- _EXERCISE INPUTS_
#####

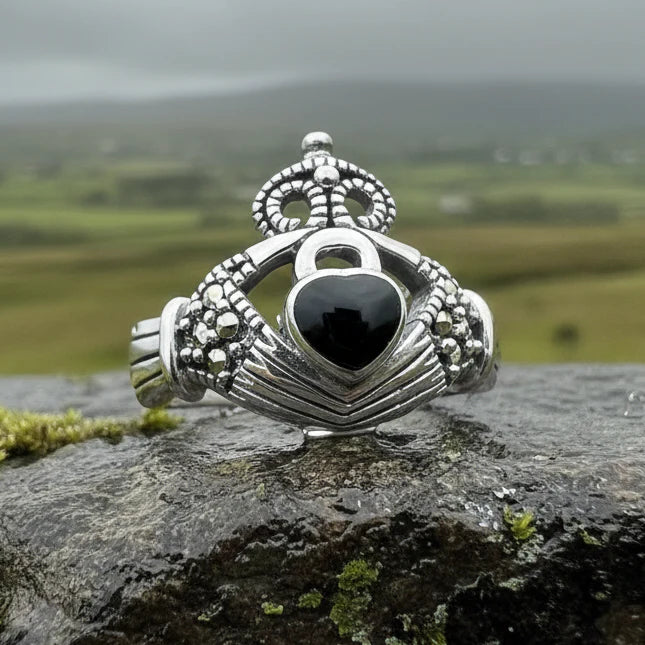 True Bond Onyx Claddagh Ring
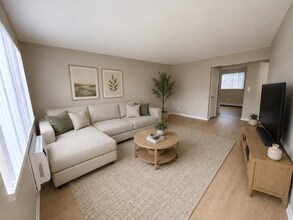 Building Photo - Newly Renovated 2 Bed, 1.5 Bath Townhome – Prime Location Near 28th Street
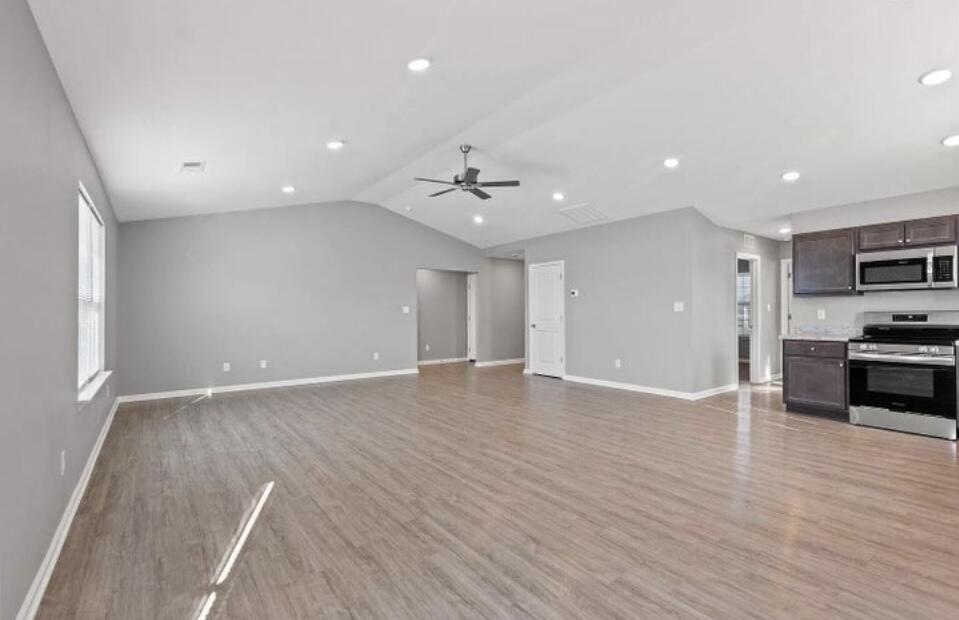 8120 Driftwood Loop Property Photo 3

#####

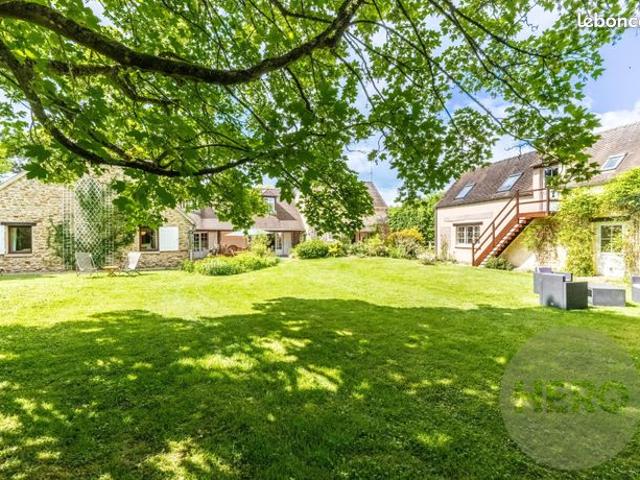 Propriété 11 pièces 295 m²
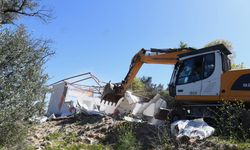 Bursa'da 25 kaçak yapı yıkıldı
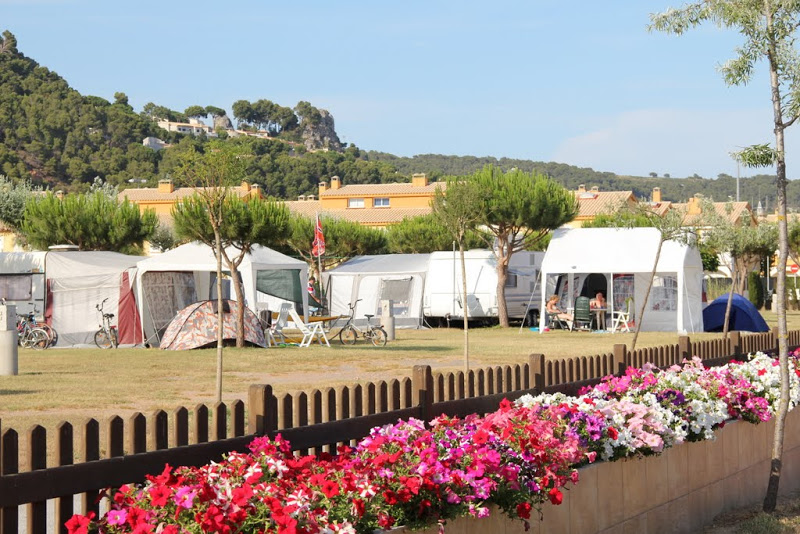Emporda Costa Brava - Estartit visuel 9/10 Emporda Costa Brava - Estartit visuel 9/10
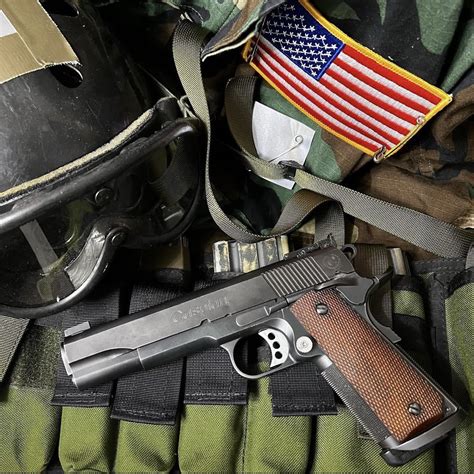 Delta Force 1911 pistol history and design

#####

Starting with the line that has "True Bond Onyx Claddagh Ring" and ending with the line that has "8120 Driftwood Loop Property Photo 3", repeat the lines above exactly, omitting every picture.

 True Bond Onyx Claddagh Ring
 Building Photo - Newly Renovated 2 Bed, 1.5 Bath Townhome – Prime Location Near 28th Street
 8120 Driftwood Loop Property Photo 3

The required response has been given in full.